Activity: Exact reproduction required: the lines below from the line with "Fly Trap Indoor, 2" to the line with "Close-up of a", both ends included, and no others.

Available records:
**********
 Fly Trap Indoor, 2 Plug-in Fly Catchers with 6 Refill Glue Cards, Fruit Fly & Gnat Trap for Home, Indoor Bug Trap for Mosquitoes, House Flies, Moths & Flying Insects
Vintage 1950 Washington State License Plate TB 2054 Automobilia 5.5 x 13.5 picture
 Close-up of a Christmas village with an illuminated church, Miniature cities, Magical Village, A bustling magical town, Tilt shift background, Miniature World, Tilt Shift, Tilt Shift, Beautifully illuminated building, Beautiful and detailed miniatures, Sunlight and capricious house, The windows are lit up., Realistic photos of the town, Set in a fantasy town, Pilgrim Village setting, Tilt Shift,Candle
**********
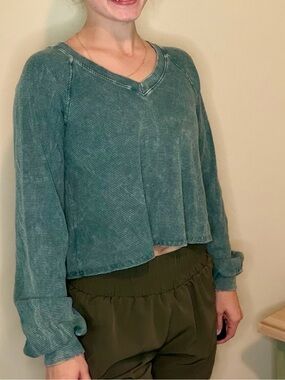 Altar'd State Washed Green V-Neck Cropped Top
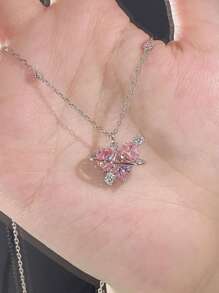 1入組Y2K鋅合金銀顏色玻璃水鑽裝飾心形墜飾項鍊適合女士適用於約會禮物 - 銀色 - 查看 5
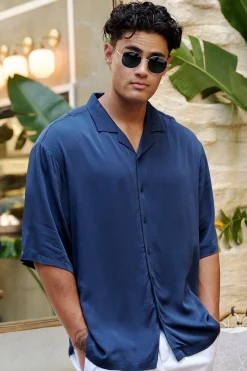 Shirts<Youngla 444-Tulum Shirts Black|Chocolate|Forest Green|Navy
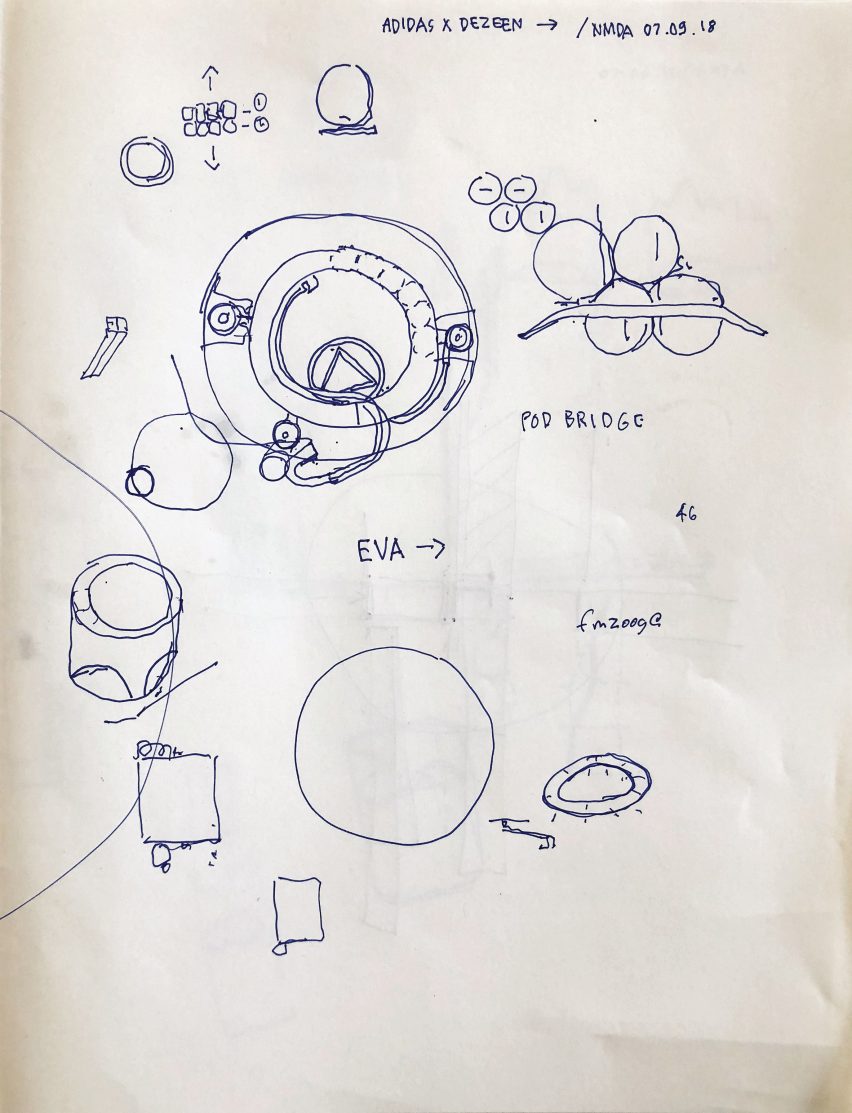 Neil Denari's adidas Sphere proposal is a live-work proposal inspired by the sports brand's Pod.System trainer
**********
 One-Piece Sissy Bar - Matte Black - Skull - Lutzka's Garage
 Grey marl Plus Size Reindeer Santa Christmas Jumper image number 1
**********
Exercise response:
 Fly Trap Indoor, 2 Plug-in Fly Catchers with 6 Refill Glue Cards, Fruit Fly & Gnat Trap for Home, Indoor Bug Trap for Mosquitoes, House Flies, Moths & Flying Insects
Vintage 1950 Washington State License Plate TB 2054 Automobilia 5.5 x 13.5 picture
 Close-up of a Christmas village with an illuminated church, Miniature cities, Magical Village, A bustling magical town, Tilt shift background, Miniature World, Tilt Shift, Tilt Shift, Beautifully illuminated building, Beautiful and detailed miniatures, Sunlight and capricious house, The windows are lit up., Realistic photos of the town, Set in a fantasy town, Pilgrim Village setting, Tilt Shift,Candle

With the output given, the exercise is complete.